Instructions for the task - Each line of the data below containing "really" needs to be listed.

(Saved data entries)
════════
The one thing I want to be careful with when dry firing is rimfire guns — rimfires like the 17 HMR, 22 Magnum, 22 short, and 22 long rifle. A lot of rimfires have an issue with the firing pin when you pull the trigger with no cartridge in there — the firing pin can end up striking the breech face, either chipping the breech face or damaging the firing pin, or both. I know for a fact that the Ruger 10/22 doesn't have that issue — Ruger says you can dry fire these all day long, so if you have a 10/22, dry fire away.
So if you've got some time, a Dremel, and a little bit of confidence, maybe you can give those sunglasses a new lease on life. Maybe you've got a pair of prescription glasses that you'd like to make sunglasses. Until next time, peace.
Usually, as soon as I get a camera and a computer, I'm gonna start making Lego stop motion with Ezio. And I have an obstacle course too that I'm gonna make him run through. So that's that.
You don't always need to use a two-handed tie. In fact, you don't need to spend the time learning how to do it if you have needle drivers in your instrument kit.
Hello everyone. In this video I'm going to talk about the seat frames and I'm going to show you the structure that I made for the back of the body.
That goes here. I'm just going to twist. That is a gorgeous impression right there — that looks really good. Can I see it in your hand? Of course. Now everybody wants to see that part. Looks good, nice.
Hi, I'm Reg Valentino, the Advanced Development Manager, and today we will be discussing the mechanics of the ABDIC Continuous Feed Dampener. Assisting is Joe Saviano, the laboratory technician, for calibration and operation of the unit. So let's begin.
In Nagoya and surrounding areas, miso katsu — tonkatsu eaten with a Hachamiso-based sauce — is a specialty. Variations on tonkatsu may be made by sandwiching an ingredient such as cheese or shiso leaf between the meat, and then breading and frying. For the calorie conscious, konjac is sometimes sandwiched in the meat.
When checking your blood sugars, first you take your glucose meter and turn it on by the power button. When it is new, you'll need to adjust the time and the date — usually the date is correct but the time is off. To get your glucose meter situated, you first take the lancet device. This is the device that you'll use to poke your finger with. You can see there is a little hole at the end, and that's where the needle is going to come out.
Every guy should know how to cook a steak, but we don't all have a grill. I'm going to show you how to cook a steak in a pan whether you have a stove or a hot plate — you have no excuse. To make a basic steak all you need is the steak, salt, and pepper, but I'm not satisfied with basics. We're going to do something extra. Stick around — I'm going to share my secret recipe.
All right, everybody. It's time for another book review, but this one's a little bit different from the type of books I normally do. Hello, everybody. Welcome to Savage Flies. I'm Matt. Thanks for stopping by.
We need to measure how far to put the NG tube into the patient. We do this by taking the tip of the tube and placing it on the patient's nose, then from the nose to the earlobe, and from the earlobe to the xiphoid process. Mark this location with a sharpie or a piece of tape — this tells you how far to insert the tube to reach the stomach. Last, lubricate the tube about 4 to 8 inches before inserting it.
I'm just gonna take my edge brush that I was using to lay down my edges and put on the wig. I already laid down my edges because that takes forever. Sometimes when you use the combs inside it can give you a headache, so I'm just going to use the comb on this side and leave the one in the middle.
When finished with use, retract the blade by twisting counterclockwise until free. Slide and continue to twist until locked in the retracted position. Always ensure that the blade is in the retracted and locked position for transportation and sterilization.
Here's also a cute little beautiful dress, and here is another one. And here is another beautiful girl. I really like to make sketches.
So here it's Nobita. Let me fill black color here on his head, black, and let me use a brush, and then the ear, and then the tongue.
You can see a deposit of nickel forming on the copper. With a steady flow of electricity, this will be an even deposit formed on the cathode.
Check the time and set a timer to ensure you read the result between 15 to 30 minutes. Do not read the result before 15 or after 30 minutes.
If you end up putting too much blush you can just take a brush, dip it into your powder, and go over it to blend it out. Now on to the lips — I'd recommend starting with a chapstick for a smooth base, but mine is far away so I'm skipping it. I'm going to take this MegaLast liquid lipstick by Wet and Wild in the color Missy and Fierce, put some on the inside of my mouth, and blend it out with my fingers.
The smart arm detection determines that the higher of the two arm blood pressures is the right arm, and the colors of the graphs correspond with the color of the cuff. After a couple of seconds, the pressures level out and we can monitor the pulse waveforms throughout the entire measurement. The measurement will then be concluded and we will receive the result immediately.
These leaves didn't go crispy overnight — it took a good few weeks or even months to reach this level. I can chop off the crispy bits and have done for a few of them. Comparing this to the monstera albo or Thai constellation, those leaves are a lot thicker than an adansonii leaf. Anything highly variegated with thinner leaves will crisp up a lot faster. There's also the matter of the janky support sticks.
════════
Exercise answer -
That goes here. I'm just going to twist. That is a gorgeous impression right there — that looks really good. Can I see it in your hand? Of course. Now everybody wants to see that part. Looks good, nice.
Here's also a cute little beautiful dress, and here is another one. And here is another beautiful girl. I really like to make sketches.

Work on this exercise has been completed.